*** Information shown ***
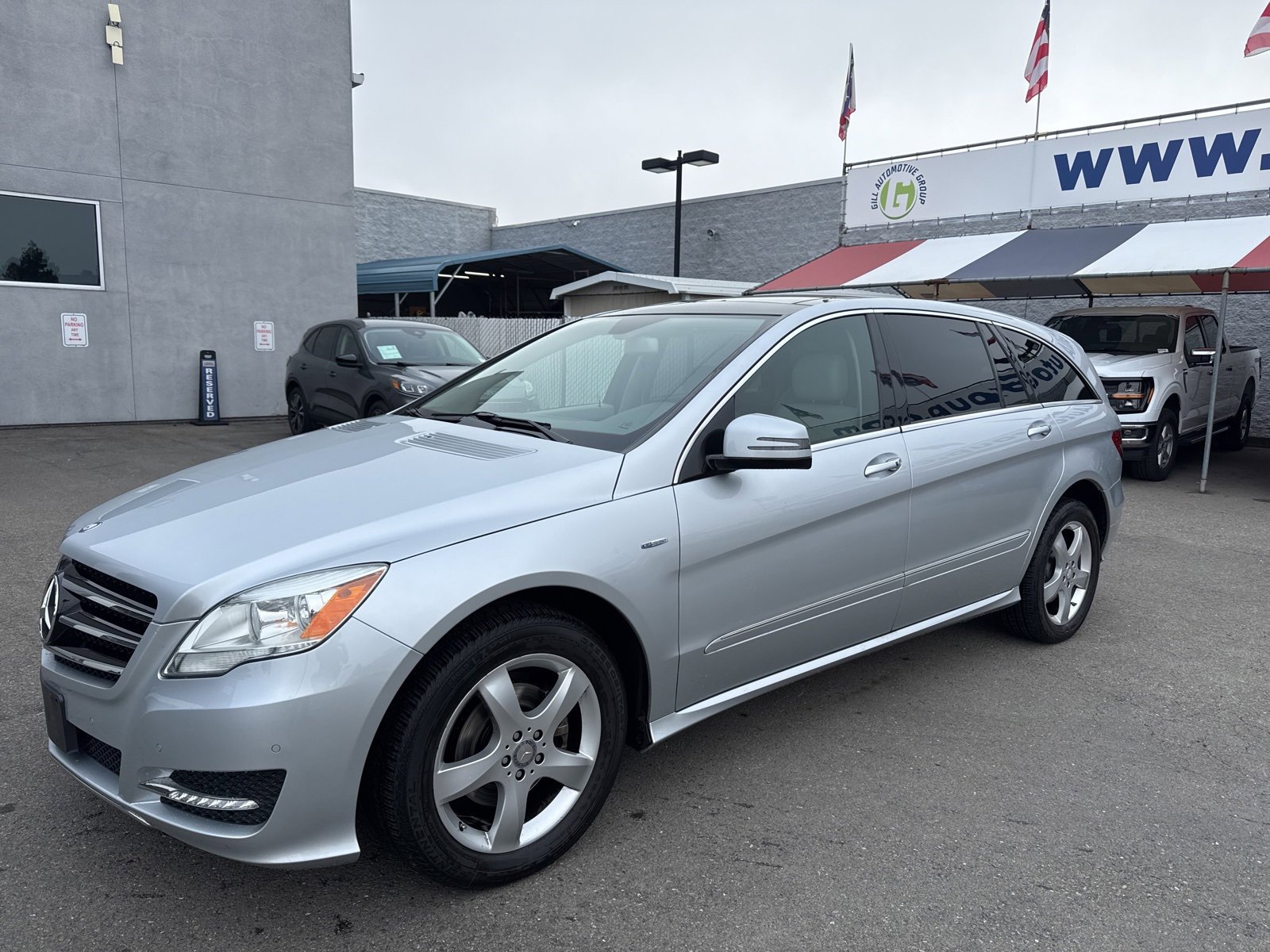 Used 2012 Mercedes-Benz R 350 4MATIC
*** End of Information shown ***
*** Information shown ***
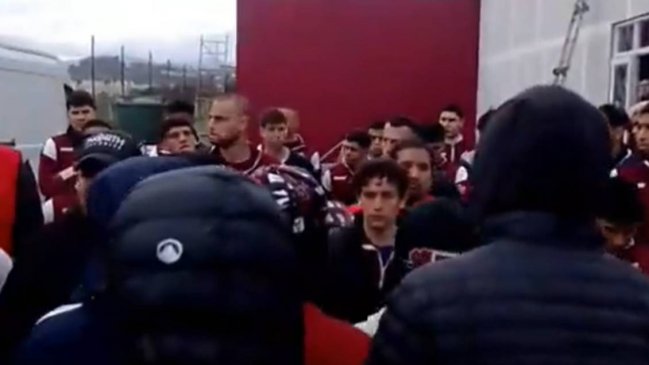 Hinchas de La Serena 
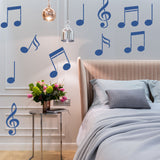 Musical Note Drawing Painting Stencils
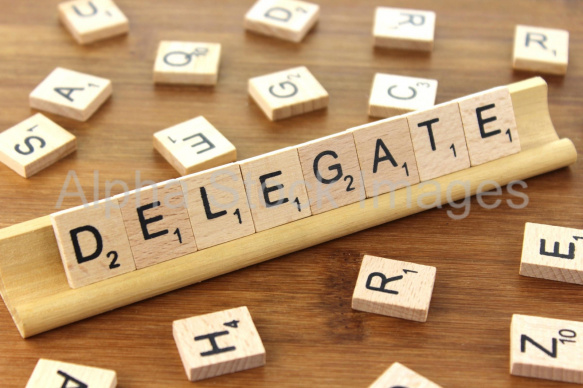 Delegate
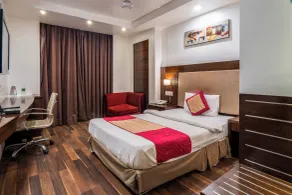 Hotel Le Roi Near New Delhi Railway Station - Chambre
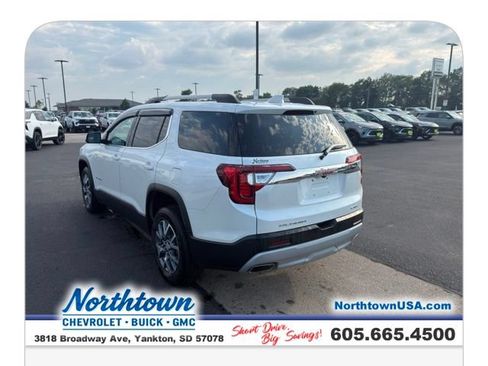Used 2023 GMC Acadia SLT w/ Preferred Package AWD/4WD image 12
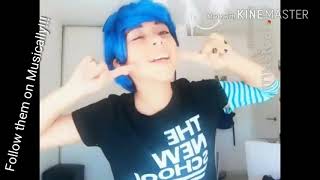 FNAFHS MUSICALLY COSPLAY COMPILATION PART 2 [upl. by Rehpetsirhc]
*** End of Information shown ***
*** Information shown ***
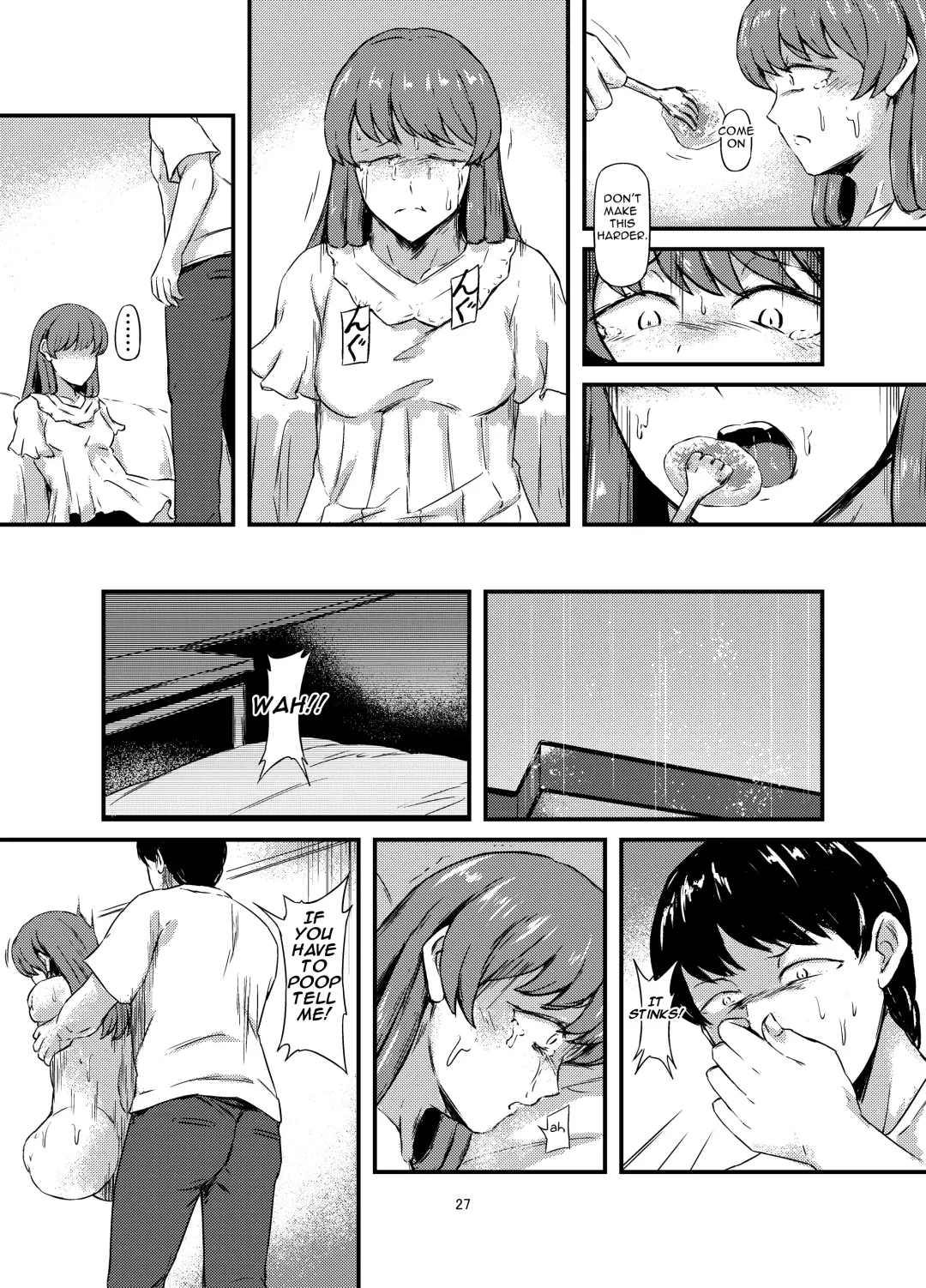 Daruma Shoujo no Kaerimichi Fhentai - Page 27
*** End of Information shown ***
**Exercise:** Above are the records; copy exactly the lines from the one with "Musical Note Drawing Painting Stencils" through the one with "FNAFHS MUSICALLY COSPLAY", including both, and nothing more. Leave out pictures.

**Exercise output:**
 Musical Note Drawing Painting Stencils
 Delegate
 Hotel Le Roi Near New Delhi Railway Station - Chambre
Used 2023 GMC Acadia SLT w/ Preferred Package AWD/4WD image 12
 FNAFHS MUSICALLY COSPLAY COMPILATION PART 2 [upl. by Rehpetsirhc]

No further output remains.